Gastos da Meta com IA assustam investidores: entenda o impacto no mercado
30/07/2026 16:153 min de leituraAtualizado há 34 dias
Fonte: Forbes Brasil · Síntese editorial da GL Inteligência Contábil.
A fortuna de Mark Zuckerberg encolheu quase US$ 18 bilhões (cerca de R$ 90 bilhões) em um único pregão, depois que as ações da Meta, controladora do Facebook e do Instagram, tiveram a pior queda diária do ano. O motivo não foi um escândalo ou uma crise externa, mas algo que qualquer gestor reconhece: a empresa gastou mais do que o mercado esperava e não conseguiu mostrar, com clareza, quando esse investimento vai se pagar.
A Meta elevou sua projeção de gastos para este ano para US$ 137,5 bilhões e evitou dar uma estimativa para 2027, o que os investidores interpretaram como sinal de incerteza. Some-se a isso um lucro por ação abaixo do esperado pelos analistas, mesmo com a receita trimestral superando as projeções. O resultado foi uma sequência de 11 pregões seguidos de queda nas ações, acumulando desvalorização de quase 22% no período.

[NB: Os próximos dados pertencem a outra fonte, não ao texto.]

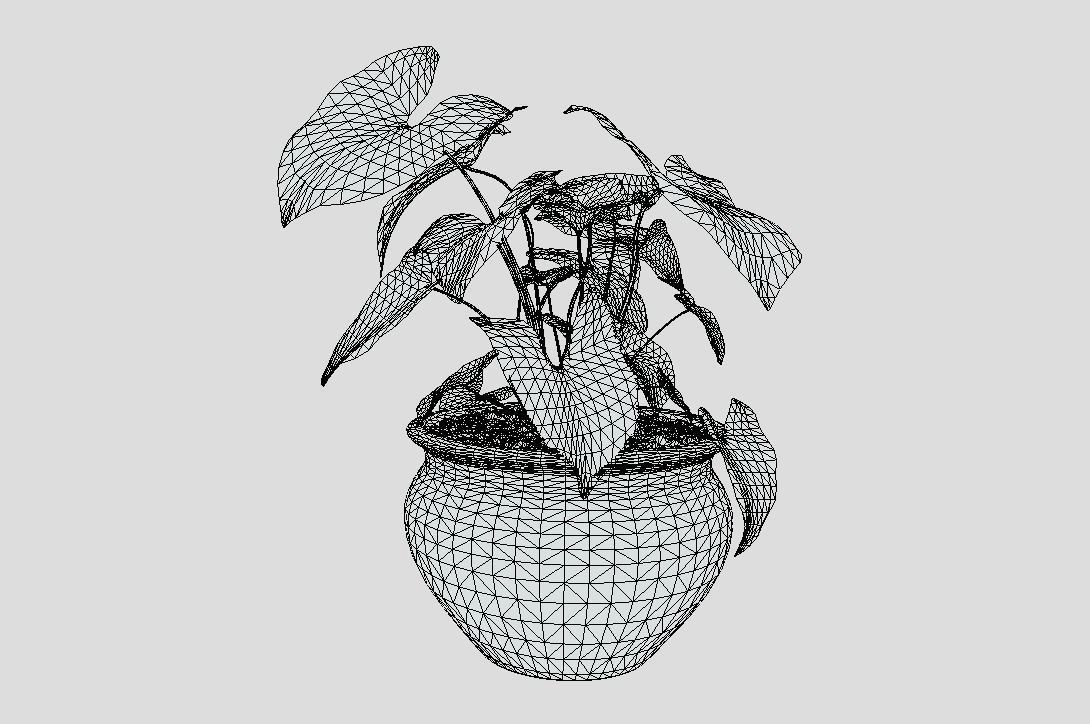 indoor plant 4 Low-poly 3D model_7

O que está por trás da queda
O caso da Meta ilustra um dilema que muitas empresas, de qualquer porte, enfrentam ao decidir investir pesado em uma tecnologia promissora: gastar antecipadamente para não ficar para trás na corrida da inteligência artificial, correndo o risco de o mercado (ou os sócios, ou o caixa) cobrar resultado antes da hora. Vários analistas de bancos e casas de investimento reduziram suas expectativas para o valor das ações da empresa, argumentando que ela precisa provar que os gastos com IA trazem receita real, e não apenas potencial futuro.
| Instituição | Corte no preço-alvo (US$) |
|---|---|
| Scotiabank | De 700 para 600 |
| Wedbush Securities | De 671 para 595 |
| Evercore ISI | Redução de 110 |
| Wolfe Research | Redução de 100 |
| Goldman Sachs | Redução de 90 |
| Cantor Fitzgerald | Redução de 90 |
Vale destacar que nem toda empresa de tecnologia foi penalizada da mesma forma. A Microsoft, no mesmo período, viu suas ações dispararem 15%, justamente porque conseguiu mostrar números concretos de retorno: seu assistente de IA para empresas, o Copilot, passou de 20 milhões para 30 milhões de usuários pagantes em poucos meses. Ou seja, o mercado não está contra a inteligência artificial em si, mas sim contra gastar sem mostrar retorno palpável.
O que isso significa para o seu negócio
Se você é gestor ou empresário e está avaliando investir em automação, inteligência artificial ou qualquer tecnologia de ponta, o episódio da Meta serve de alerta prático: não basta acreditar no potencial de uma ferramenta, é preciso ter um plano claro de como e quando esse investimento vai gerar receita, economia ou ganho de produtividade mensurável. Investidores, sócios e até bancos que financiam sua empresa vão fazer a mesma pergunta que Wall Street fez à Meta: onde está o retorno?
Isso não significa parar de investir em inovação, mas sim planejar com mais rigor. Antes de destinar recursos relevantes a uma nova tecnologia, vale mapear metas de curto e médio prazo, definir indicadores de acompanhamento e manter transparência com quem financia o negócio, sejam investidores, sócios ou instituições financeiras, sobre os prazos esperados de retorno. Empresas que conseguem mostrar esse caminho, como fez a Microsoft com o número de usuários pagantes do Copilot, tendem a manter a confiança do mercado mesmo em cenários de gastos elevados.
Apesar da turbulência recente, é importante lembrar que a Meta já vinha de uma sequência de valorização neste ano, com um período de forte alta em julho após o lançamento de um novo produto de IA. Isso mostra que o mercado reage rápido tanto para punir quanto para recompensar, dependendo de como a empresa comunica seus resultados e sua estratégia. Para o seu negócio, a lição prática é: comunicação clara sobre investimentos e resultados esperados vale tanto quanto o investimento em si.